◆ Work instruction
Restate the lines word for word, from the first line of the records through the line containing "One Organic Instant". Leave out the pictures and anything after that line.

◆ Data shown
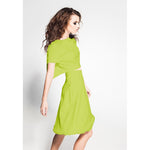 Tela Viscosa Verde Manzana - Ribes y Casals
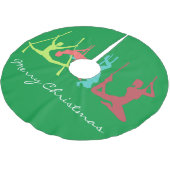 空中フィットネスポーズサンダー_コーブ ブラッシュドポリエステルツリースカート (アングル)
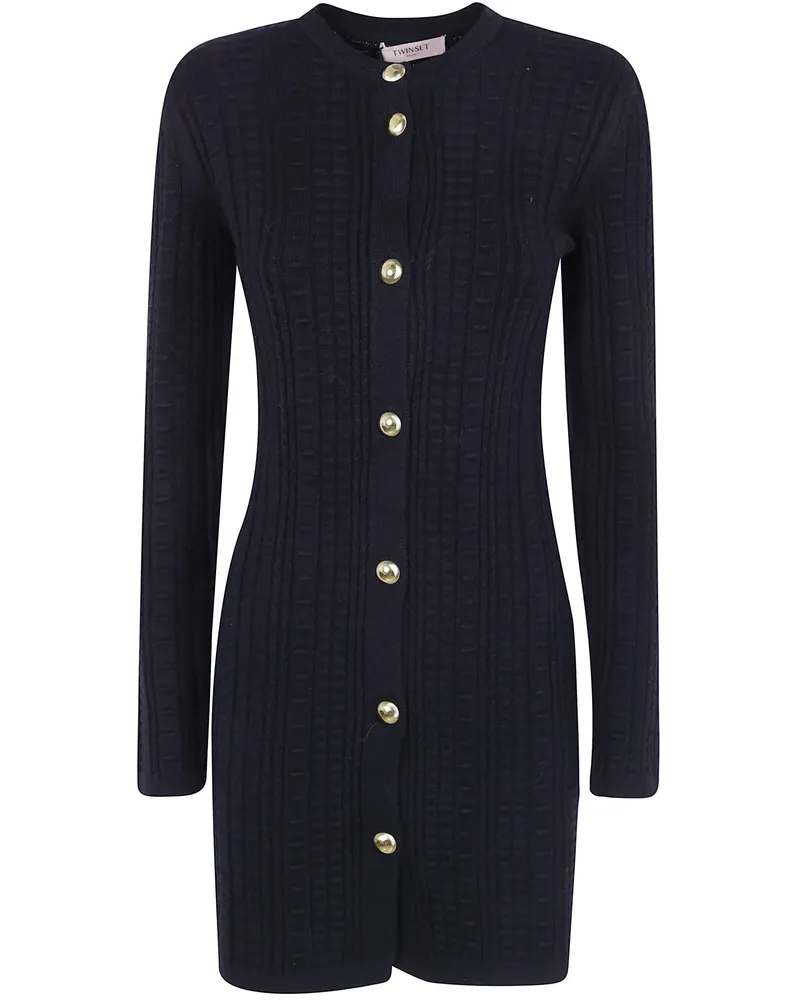 Twin-Set Dress Buttoned "262Tp3100 Black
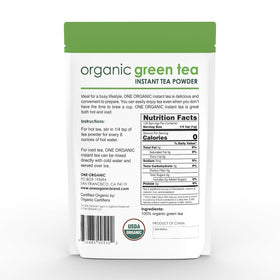 One Organic Instant Tea Green scoop for easy, portioned servings.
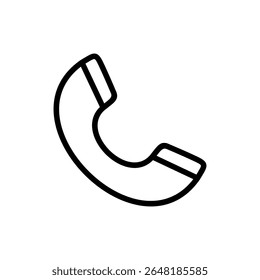 Símbolo de ícone de chamada para aplicativos e sites. sinal e símbolo de telefone. ícone de telefone. entre em contato conosco 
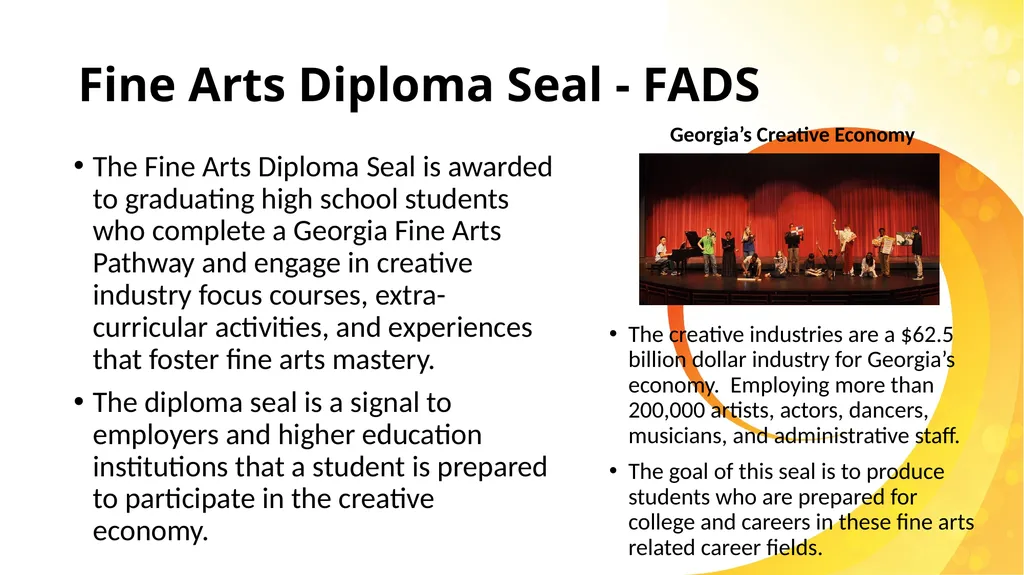 Campbell High School’s Fine Arts Diploma Seal - slide 2 of 17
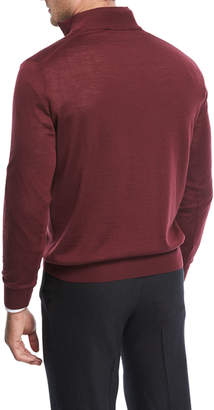 Canali Wool Half-Zip Sweater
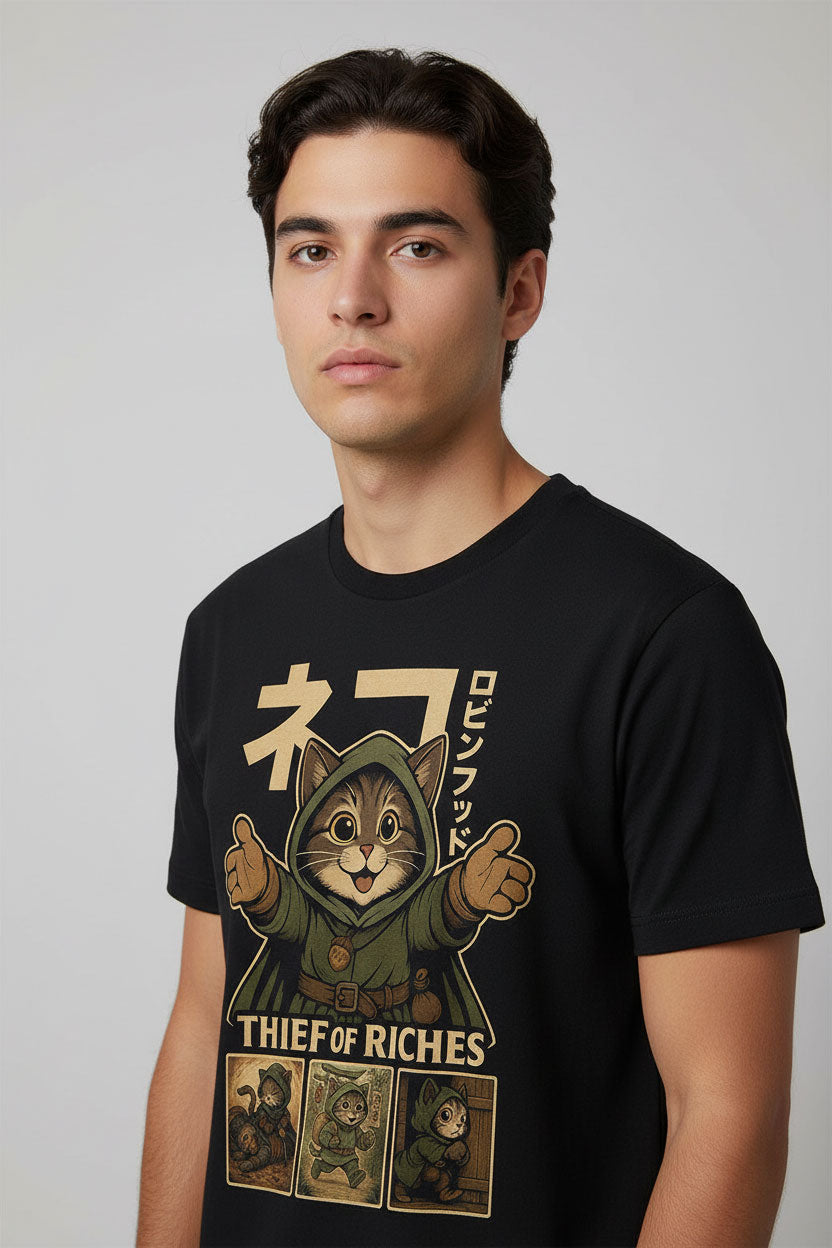 Thief of Riches Cat T-Shirt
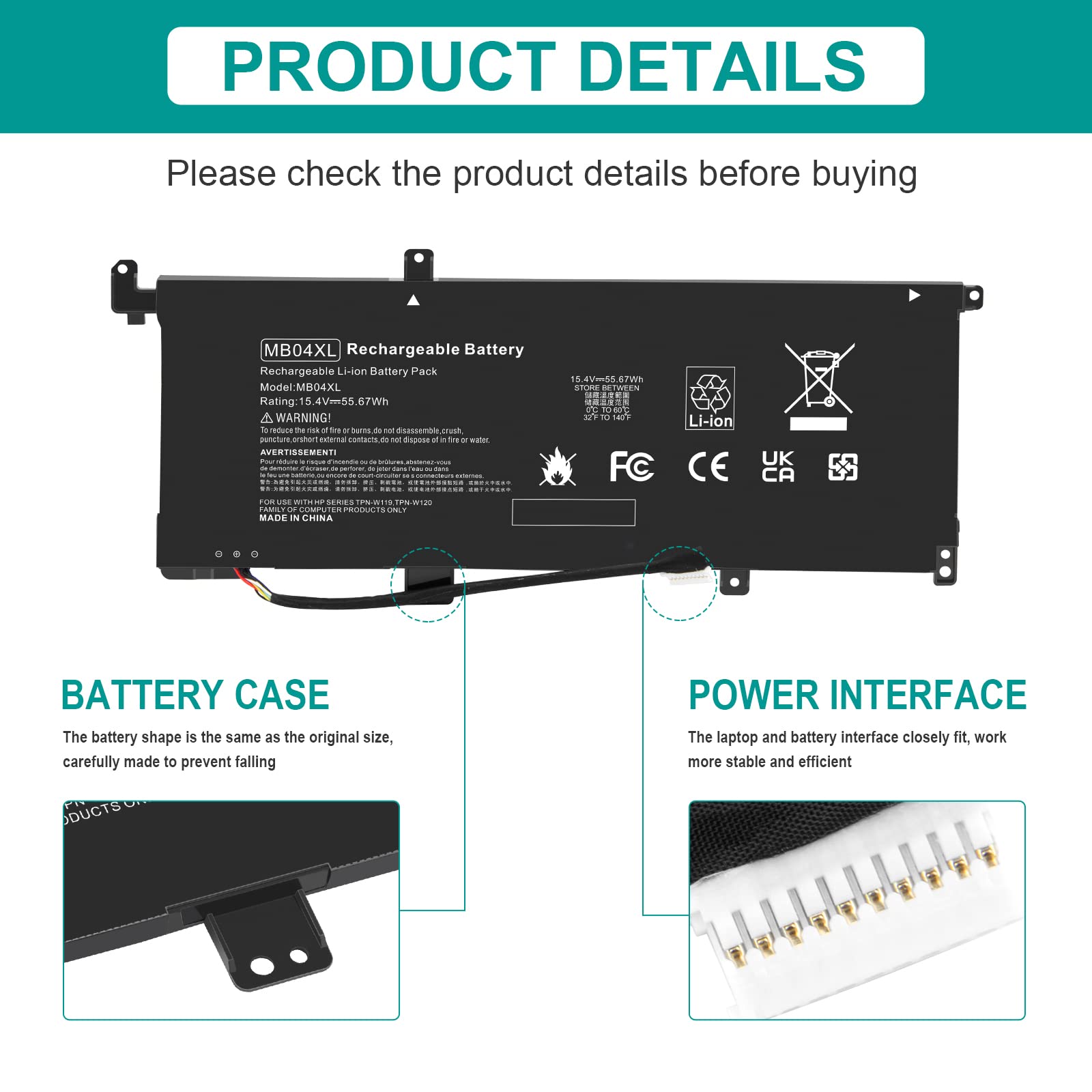 Fancy Buying Mb04Xl Battery For Hp Envy X360 Convertible M6 Aq000 M6 Aq105Dx M6 Aq003Dx M6 Aq103Dx M6 Ar004Dx 15 Aq 15 Aq005Na A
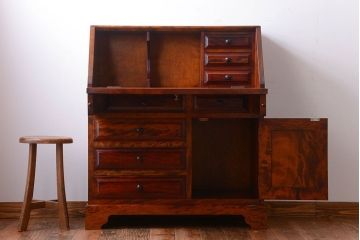 中古 九州民芸家具 ライティングビューロー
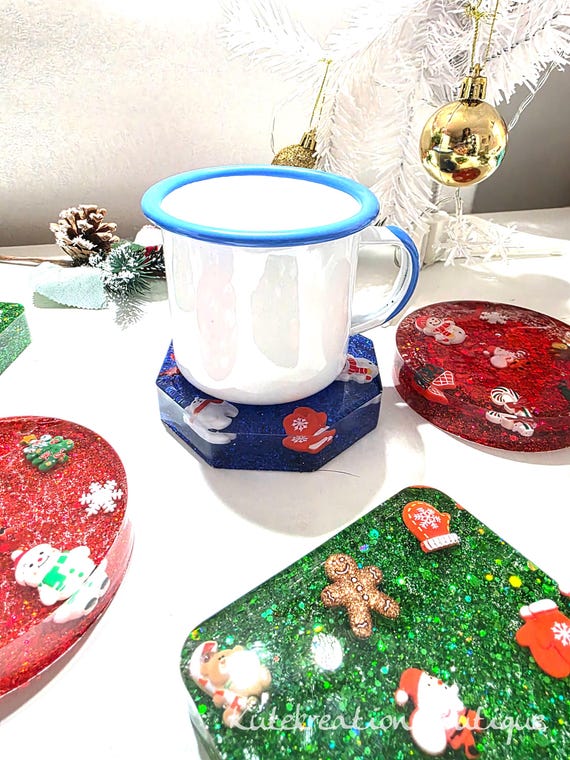 Christmas Coasters, Christmas Table Decoration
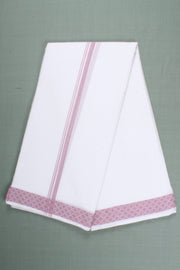 Handwoven Cotton Dhoti Dupatta Set with Dobby Border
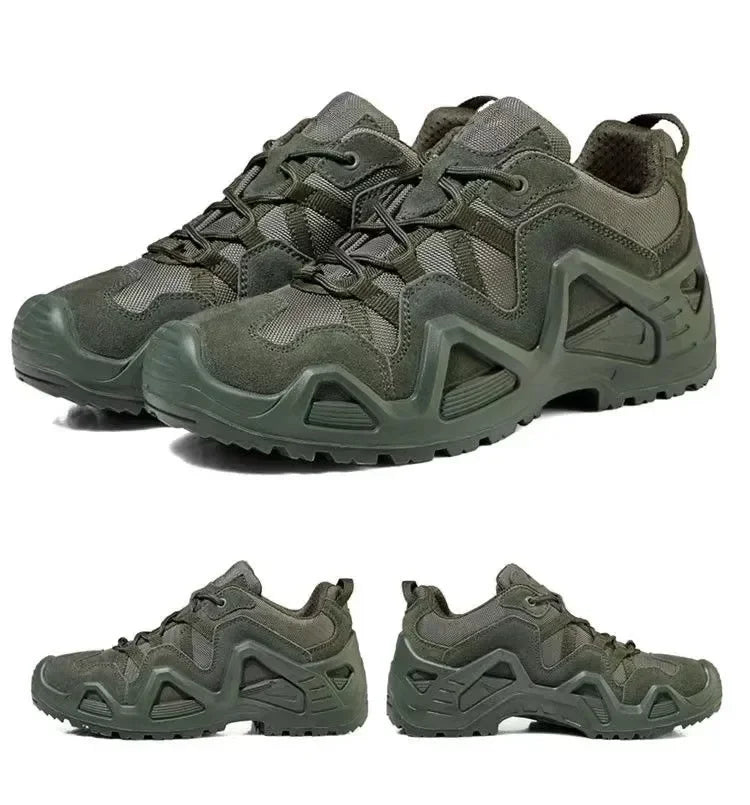 Mens Combat Tactical Boots WaterProof Outdoor Hiking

◆ Response area
 Tela Viscosa Verde Manzana - Ribes y Casals
 空中フィットネスポーズサンダー_コーブ ブラッシュドポリエステルツリースカート (アングル)
 Twin-Set Dress Buttoned "262Tp3100 Black
 One Organic Instant Tea Green scoop for easy, portioned servings.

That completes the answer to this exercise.